I don't think I owe anyone $23 for the nonresponsive and inaccurate answer I was given. If you think different, I'll give you a week to have someone from the main office contact me, to try to convince me. Otherwise, in about a week, I'm going to cancel my PayPal deposit. I am NOT going to accept your answers. If you think I am being a crank or a crook, I don't. I just don't think I should have to pay for nothing I could use.
Hey, that's fine. The way this site works, YOU decide if the answer is useful to you or not, and if not then you don't pay - end of story. In Heavy's defense, I will tell you that many times the customer is looking for a lot more information than a simple answer, and he was attempting to provide you with more value. I suspect it took longer than usual because your particular question didn't fit very well into any of the categories, so it wasn't seen right away. I can tellyou that in the Marine Electronics and Boats sections, the typical response time is a minute or two.
You currently have a deposit paid and it remains in your account, under your control.
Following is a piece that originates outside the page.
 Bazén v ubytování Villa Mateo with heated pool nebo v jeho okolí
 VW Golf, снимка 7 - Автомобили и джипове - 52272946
You can save it there for the next time you have a question, or you can request a refund at any time.
Take a look at this link:
Sulfation...The process can often be at least partially prevented and/or reversed by a desulfation technique called pulse conditioning, in which short but powerful current surges are repeatedly sent through the damaged battery. Over time, this procedure tends to break down and dissolve the sulfate crystals, restoring some capacity
Thanks, XXXXX XXXXX A darned nice answer, and very polite, in response to my somewhat surly ranting. I know a lot about desulfation, I've been studying it for months, which is why I bought the BatteryMINDer unit. It's reported to be tops in doing a continuous job of fighting sulfation in healthy batteries by using a random pattern of low voltage, high-frequency pulse-technology surges -- it has even been used by a holy host of folks to restore apparently dead batteries. Problem is, the "dead" battery must be brought up to a minimum resting voltage of 11v before the BatteryMINDer unit will recognize it as a battery...and my battery is refusing to stay that high. It may just be beyond the pale. I'll keep trying for a few days, and if I can't get it to hold even the minimum charge I'll just use it as a replacement core for one of the new batteries I've already bought. Then I'll try the other one.
Regardless, your point is well-made. I buried my question in a lot of extraneous data, and Heavy Chevy tried to address more than my main question. My fault, not his. I'll accept the answer(s) you both have given me. ...Can you share credit with HC?